◆ **About this task**: Although the data below contains pictures, output only the lines between those holding "The pink and" and "Lächelt und sieht", inclusive, exactly and without those pictures.

-------- Listed entries

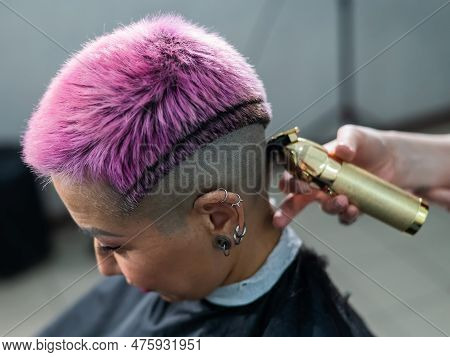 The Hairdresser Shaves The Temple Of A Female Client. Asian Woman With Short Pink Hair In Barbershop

----------------
-------- Listed entries

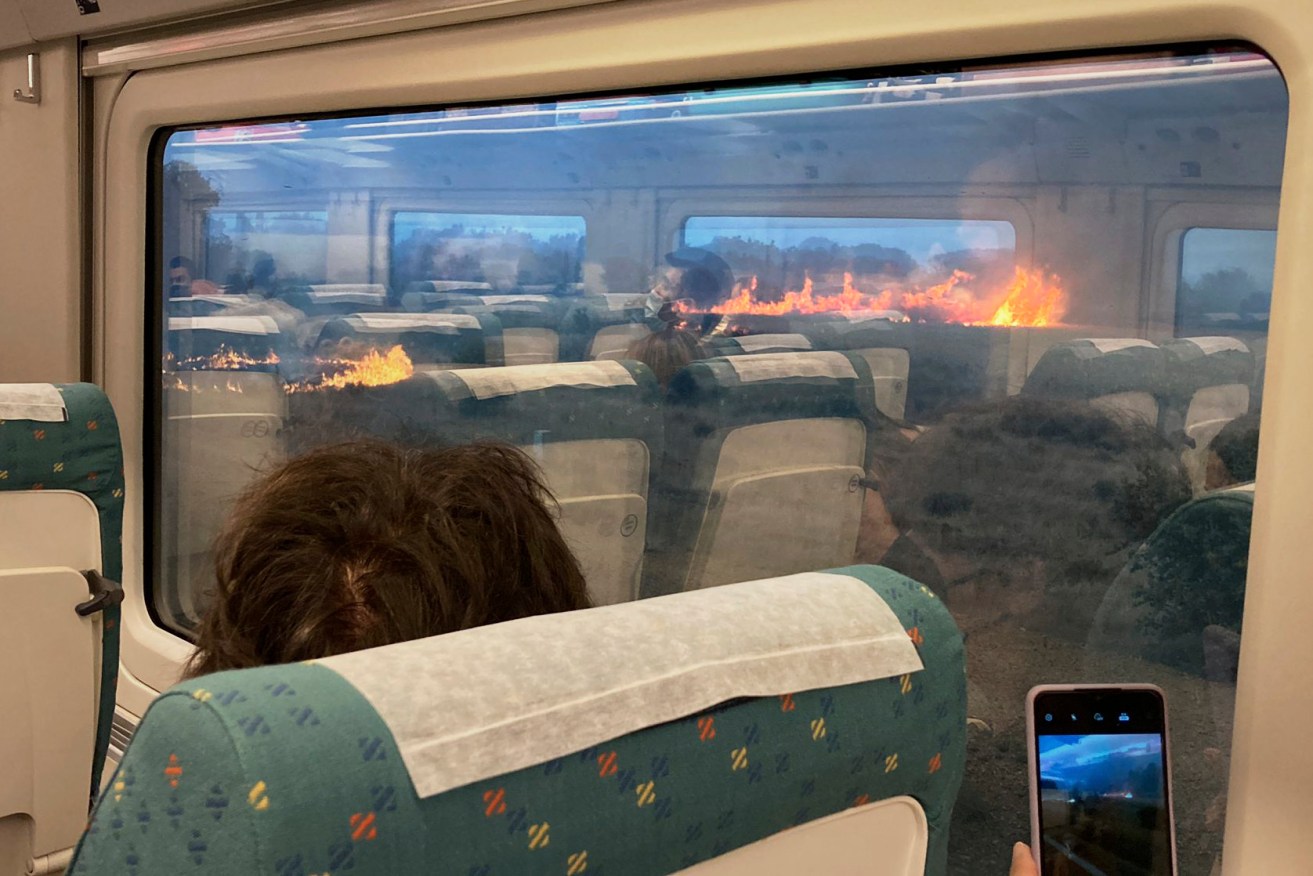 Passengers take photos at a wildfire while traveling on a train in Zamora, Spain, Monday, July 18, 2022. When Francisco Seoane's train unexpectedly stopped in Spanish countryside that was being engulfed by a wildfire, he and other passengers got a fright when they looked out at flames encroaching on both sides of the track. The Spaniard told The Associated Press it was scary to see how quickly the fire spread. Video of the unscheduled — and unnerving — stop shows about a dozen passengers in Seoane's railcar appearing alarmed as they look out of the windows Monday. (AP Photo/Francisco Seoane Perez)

----------------
-------- Listed entries

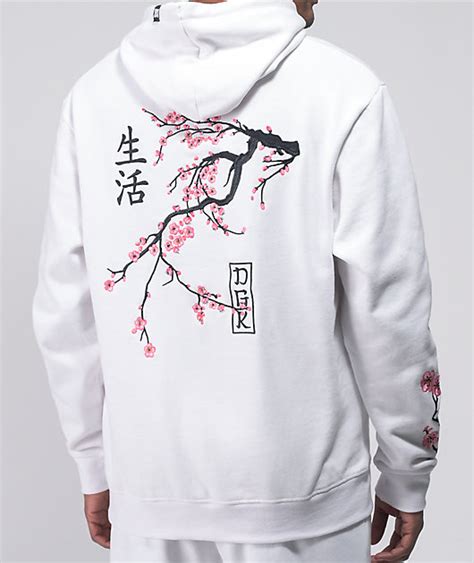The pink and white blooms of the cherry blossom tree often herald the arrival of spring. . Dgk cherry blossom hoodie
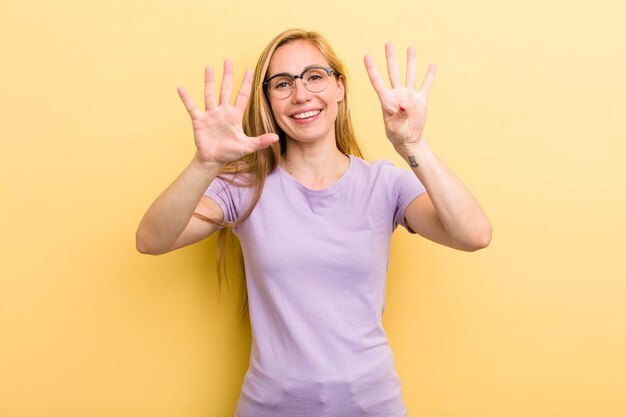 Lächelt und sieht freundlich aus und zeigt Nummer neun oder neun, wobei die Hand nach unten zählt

----------------

◆ **Response area**:
The pink and white blooms of the cherry blossom tree often herald the arrival of spring. . Dgk cherry blossom hoodie
 Lächelt und sieht freundlich aus und zeigt Nummer neun oder neun, wobei die Hand nach unten zählt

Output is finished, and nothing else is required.